Because the books recently became a show on HBO, you can pick up the first book for only around 5 US dollars.
I am awesome.

Pickle Girl Fanboy

July 18, 2011, 10:50:50 am #1 Last Edit: July 18, 2011, 03:12:31 pm by Pickle Girl Fanboy
I picked it up a while ago and read it, but it's really fucking irritating.  For convienence, I'll divide my critisicm into two categories, literary and story.

*Literary*

The writer has maybe half a dozen tricks that he uses THE ENTIRE FUCKING SERIES.  Chief among these tricks is ending a chapter (or section or whatever the fuck) just before any real action or major giveway dialog occurs.  Every fucking chapter is a cliffhanger.  Really?  It gets old after the first 200 pages.

The other trick he uses is, instead of picking up where he left off and writing the really interesting parts, he just drops us into whatever's going on (which is usually nowhere near as interesting as what was promised during that characters previous POV section) and eventually has the characters mention - offhandedly, of course - whatever that interesting thing was.  Don't get me wrong; it's fine to start a story like this, but he does this for almost every chapter for THE ENTIRE FUCKING SERIES.  I can think of maybe two dozen examples where he doesn't.

So the entirety of this series is the equivalent of watching Ramza fart around in formation, and having the battles fought offscreen by AI.  Fuck yeah.

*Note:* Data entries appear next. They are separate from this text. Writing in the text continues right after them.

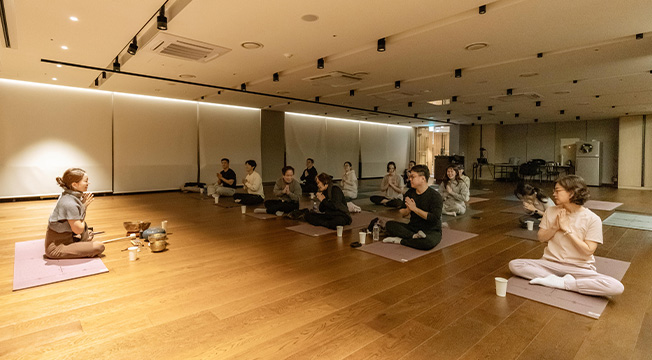 강사와 참가자들이 매트에 마주 앉아 두 손을 모으고 명상에 앞서 인사를 나누고 있다
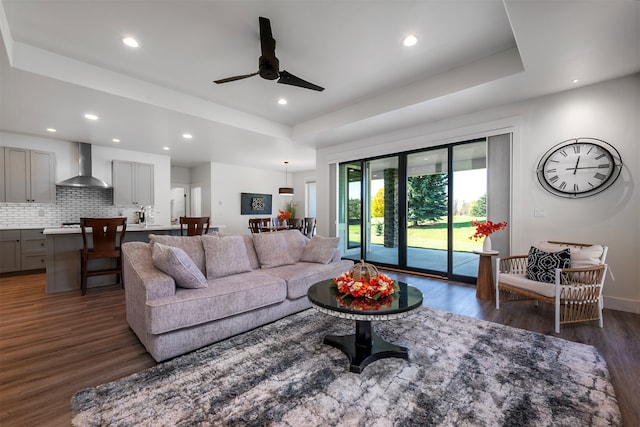 living room with ceiling fan, a tray ceiling, and dark hardwood / wood-style flooring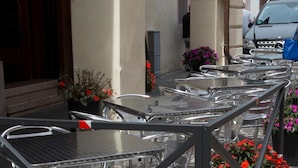 Espace extérieur aménagé avec des tables et des chaises en métal, des plantes en pot ornées de fleurs rouges et une voiture garée à proximité.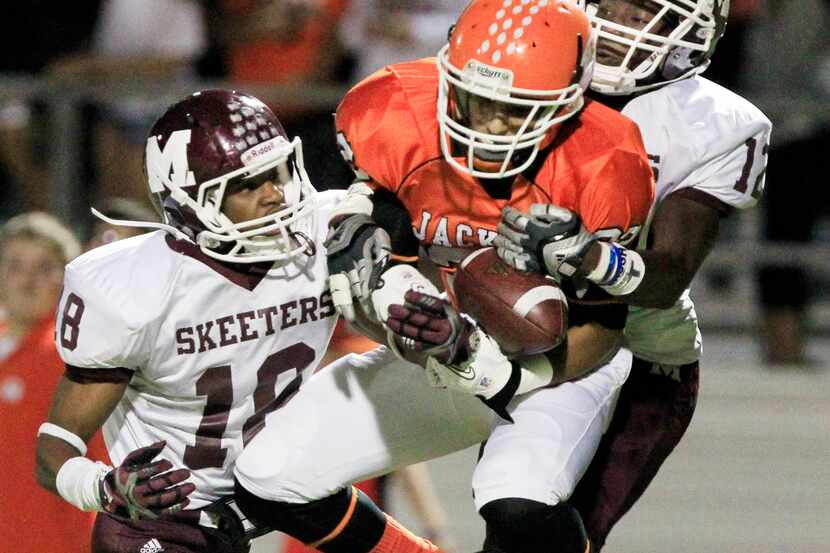 Rockwall High's Xavier Castille (22) catches a pass, as Mesquite High defenders Traa Strong...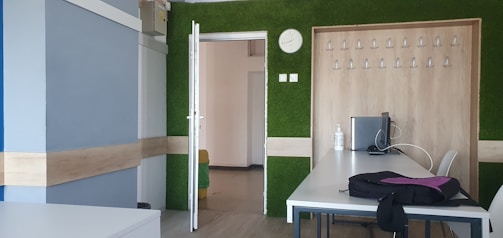 A modern office room featuring minimalist design with a mix of green, wood, and blue elements. The room includes a closed laptop, a clock showing approximately 10:10, a row of coat hooks on a feature wall with a green texture, and a desk with a bottle, a computer monitor, and a chair. There is an open door leading to a hallway.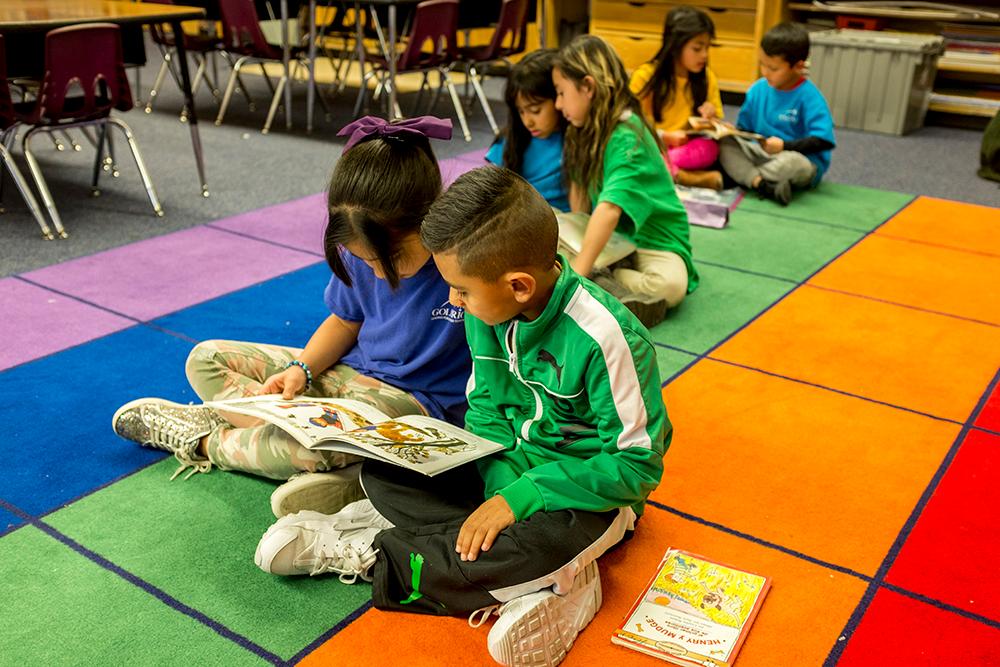 First graders sit cross legged on a multi-colored floor reading in groups of two.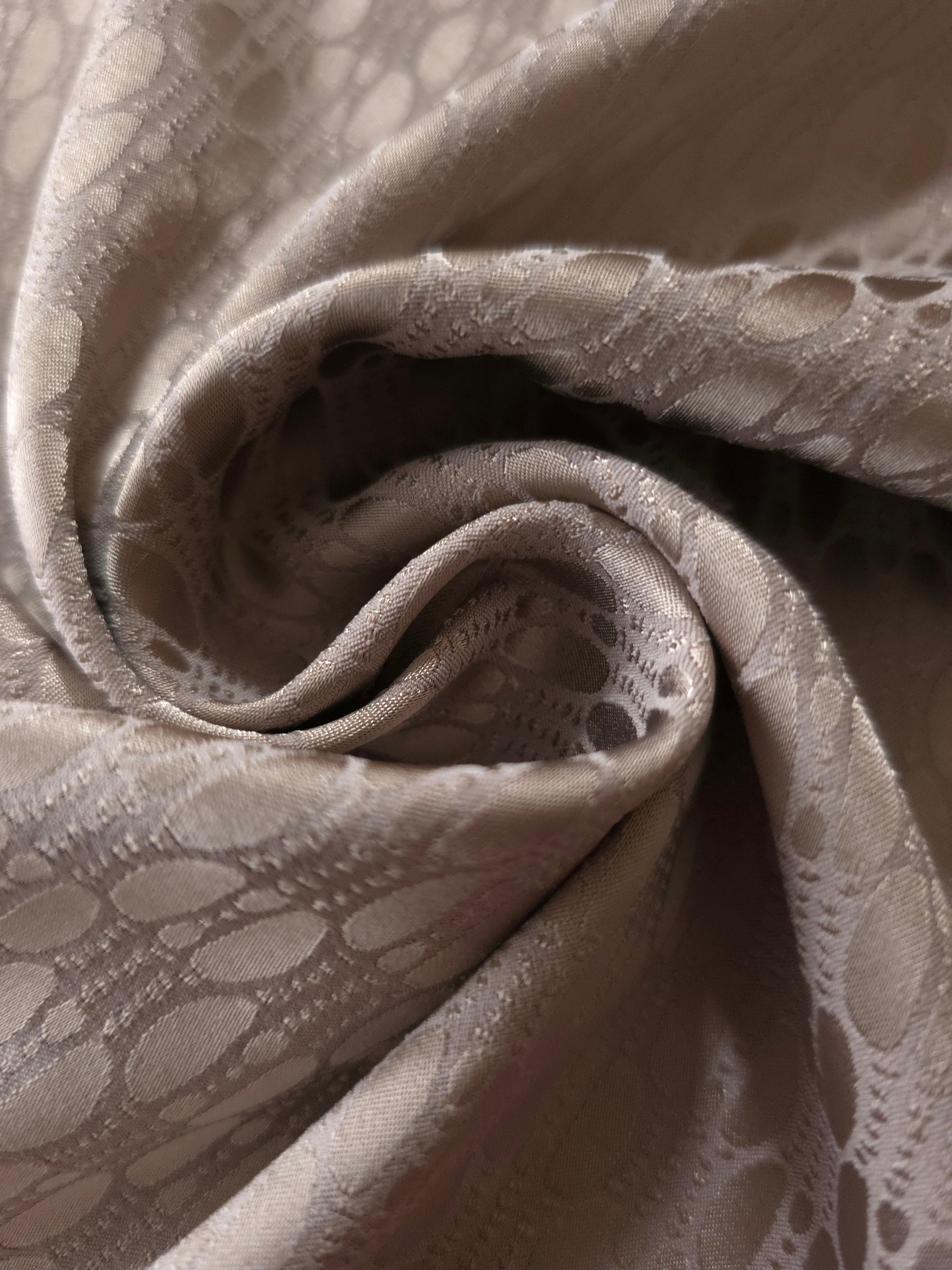 A soft crease in the taupe-bronze satin, the lattice rows catching light unevenly at the fold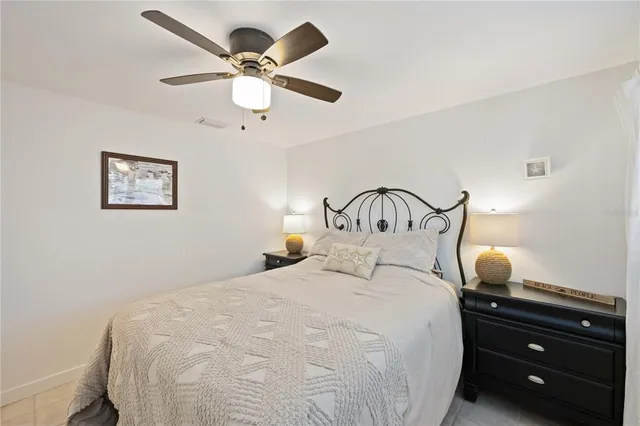 a bedroom with a bed and a ceiling fan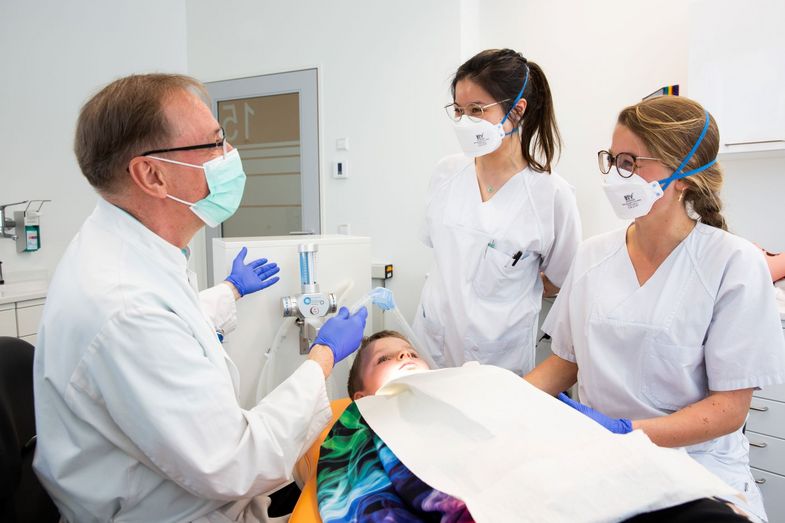 Zahnbehandlung an einem Kind vor Studierenden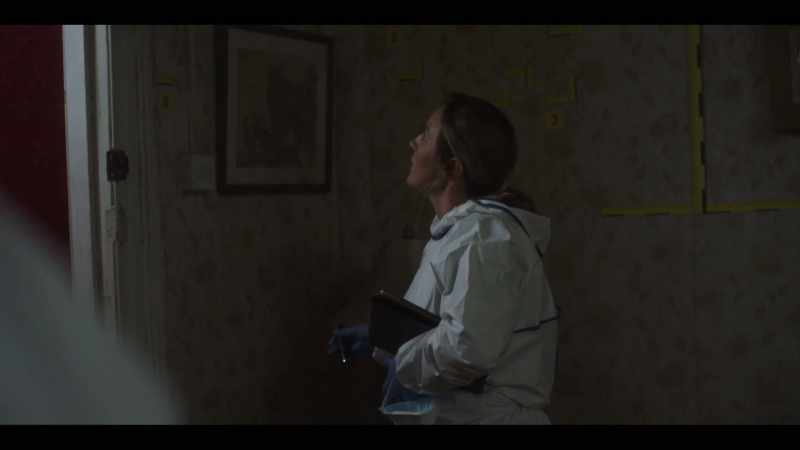 Esme is standing close to the wall and the door here, right?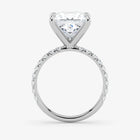 Diamond ring with a heart-shaped center stone on a white background
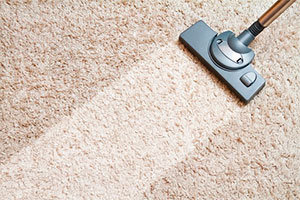Carpet cleaning by vacuum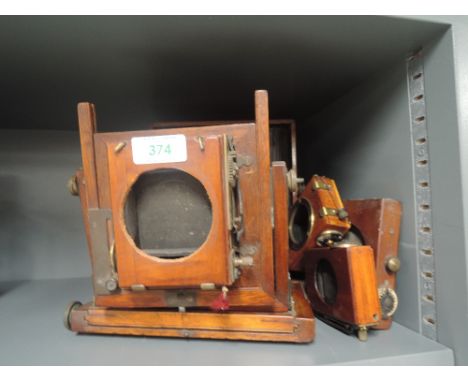 A mahogany cased Thornton Pickard field camera etc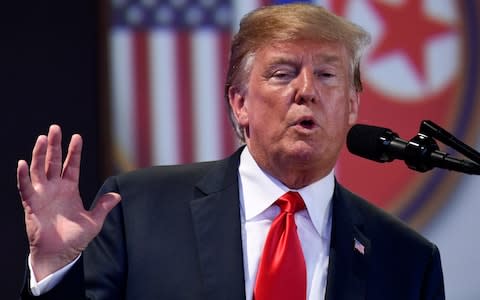 U.S. President Donald Trump answers questions about the summit with North Korea leader Kim Jong Un during a press conference  - Credit: Susan Walsh /AP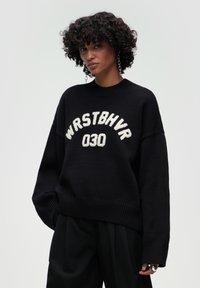 Czarny sweter z dzianiny z białym napisem "WRSTBHV 030." Oversized krój, dekolt typu crew neck oraz ściągacze na rękawach i u dołu. Teksturowany materiał.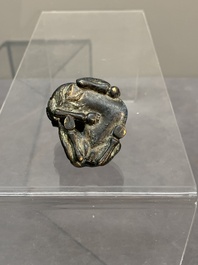 A Chinese bronze camel-form paperweight and a peach-shaped covered censer, 19th C.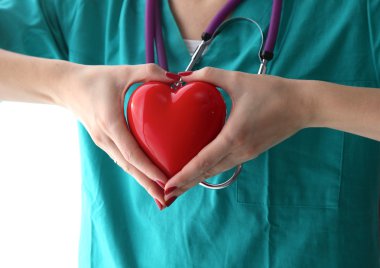 Genç kadın doktor ofisinde kırmızı bir kalp tutan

*Story*  MAJOR SPOILERS AHEAD, DO NOT READ AHEAD IF YOU EVER WANT TO FINISH THESE BOOKS!


Almost everyone dies.  And not in a good way, fighting the big bad and sacrificing their lives.  To make another analogy, this series is equivalent to Ramza catching the pox from a whore in Dorter and being bedridden for the remainder of the game, until he finally goes senile and is killed of by Dycedarg.  And then resurrected by the Magical Mystical TOTALLY NOT A DEUS EX MACHINA monk, so he can go off on some inane fucking errand which will seemingly never fucking end, or accomplish anything.  It's an exercise in frustration.  Whenever something remotely interesting comes up (like, say, a political assasination), he skips all the good stuff so we can watch him do a character study on a mannish Agrias Oaks wannabe.  And then once we get used to that, he throws some supernatural elements in, and then snatches them out of our hands before we can do more than sniff them.  He literally can't decide if he wants to write a uber-realistic literary deconstruction of mediaval fantasy or if he wants to write a fantasy-horror novel.  E.V.E.R.Y.T.H.I.N.G. suffers because of this.  It's not bitterly disappointing, like some horror I read; it's more of a "I can't believe I wasted 40 hours reading this shit" experience.  A buy a game on friday and return it on monday experience.

IIRC, the writer also wrote a bunch of crappy Outer Limits episodes in the 80's or 90's, and it shows.

Cheetah

I'm with Dave, this series is incredible, brutal, but very well done. I am currently going through the recently released fifth book and it appears to be holding up the same high standard. The multiple levels of intrigue and deep characters really add to the realism of the story given it's fantasy setting. Definitely a rather mature series though.